Pod. Every Asian person I know either grew up with a rice cooker, has a rice cooker or both. I've had several since the first one I bought for myself back in 1995 (5.5-cup Hitachi from Fedco; I bought the mini version of the one that my parents had); in fact, I think it was the first kitchen appliance I bought for myself when I moved out. I couldn't imagine not having a rice cooker. I remember Alton Brown's stance on single-purpose appliances but, of all the kitchen appliances I have, the rice cooker gets the most use (so I never agreed with him on this particular stance but, I'm thinking, a rice cooker for him does not get nearly the use it does in a lot of Asian households). To me, cooking rice with a rice cooker is like using a crock pot -- I can turn it on and leave the house without having to worry about it being on without supervision. There's no way you could do that safely with something on the stovetop or in the oven (not as far as I know).

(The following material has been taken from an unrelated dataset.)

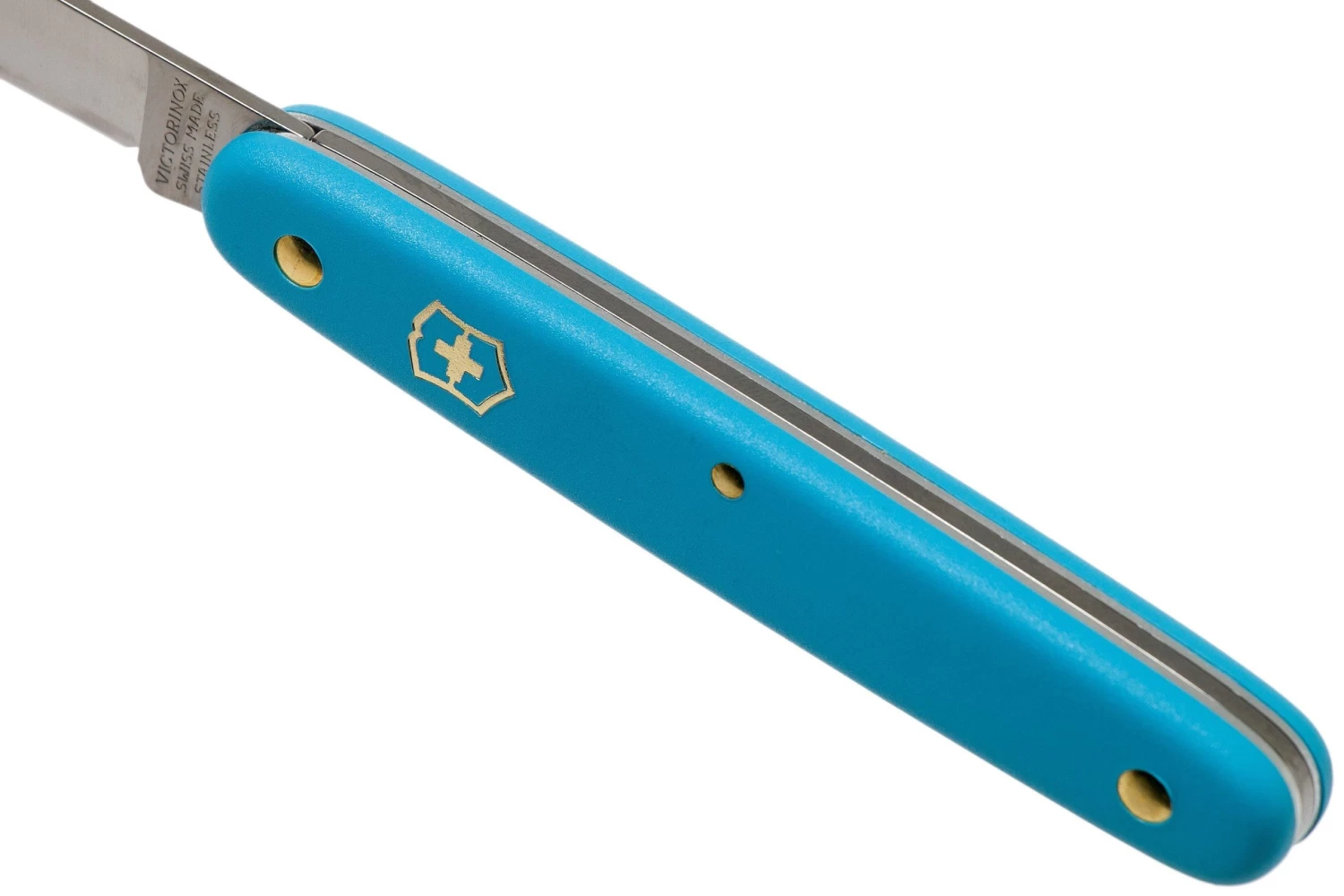 Victorinox Cuchillo Para Flores 3.9050.25B1 Azul - Imagen 6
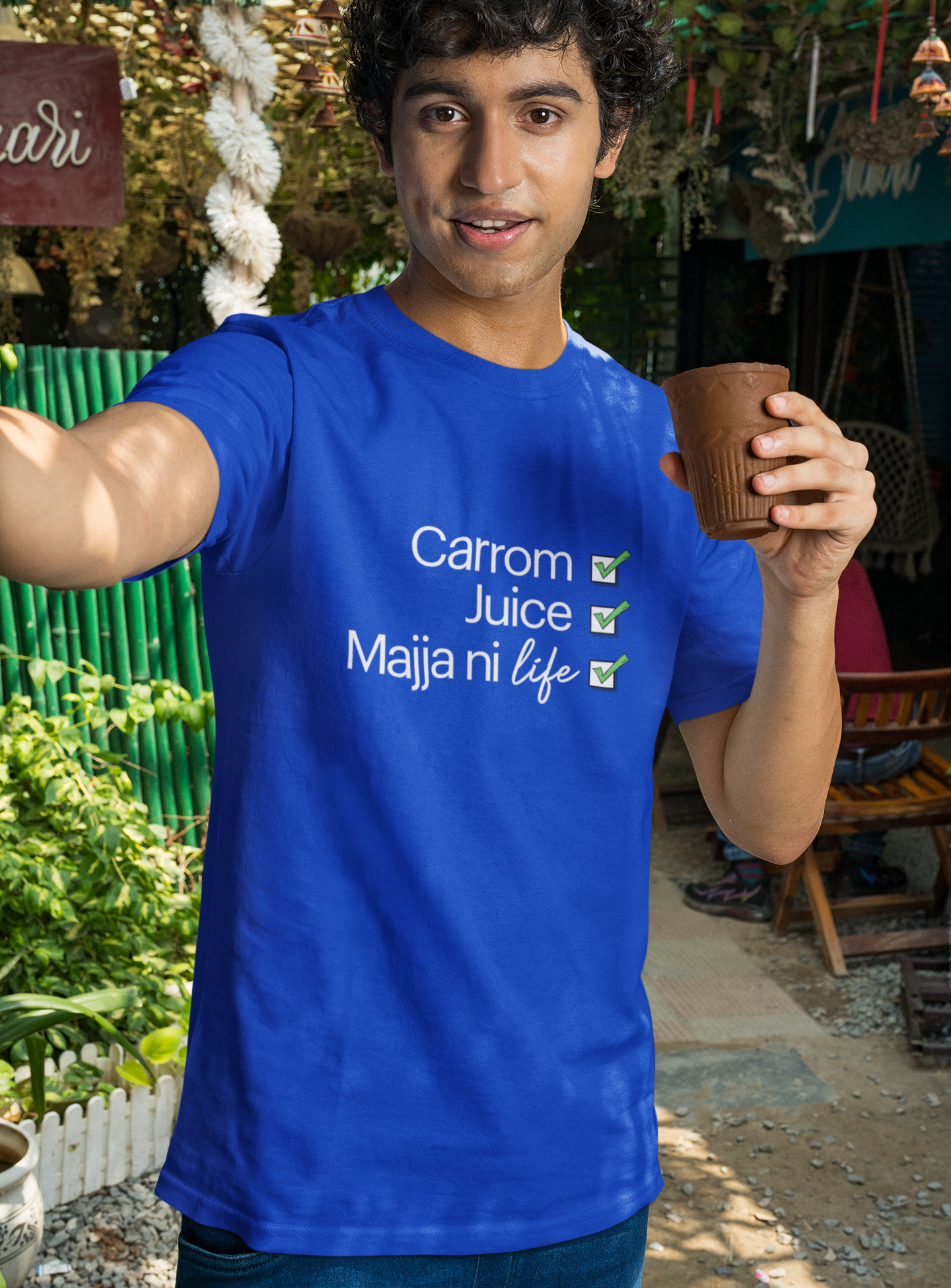 Munnabhai - Majja Ni Life!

I almost never cook white rice these days; DH and I have been eating mostly brown rice for the past 3-4 years. I haven't had to adjust at all for cooking brown rice. The rice cooker has a brown rice button and a white rice button, among others, but it cooks to the consistency I want at white rice (which is good because if it had to cook longer for brown rice, then brown rice would get mushy).
I used to assume this, but I know not everyone knows that, just like with other crops, there are many different rice grains and types. I've read posters talking about making fluffy rice but, if you grew up like I did, you grew up on the glutinous short-grain rice ("fluffy" white rice is often long-grain or, even, some medium-grain, but not short-grain). I'll use different rice types depending on what I am cooking but will still use the rice cooker to cook the rice (if I'm making one type of fried rice, I will go with long grain because it has that drier consistency I need; if I make another type of fried rice, I go with short- or medium-grain because it conveys the flavor and mouth-feel I am seeking). I used to not like straight brown short- or medium-grain rice and would mix it with white short- or medium-grain rice to get the healthier benefit of brown with a bit of the taste and consistency of the white (actually, I used to mix four rice and grain types in equal ratios -- short-grain white, medium-grain white, short-grain brown, medium-grain brown). Nowadays, I go with a 2:5 ratio of Gen Ji Mai (one type of short-grain brown) to medium-grain brown and set the rice cooker on the regular white rice setting. The rice comes out perfectly fine.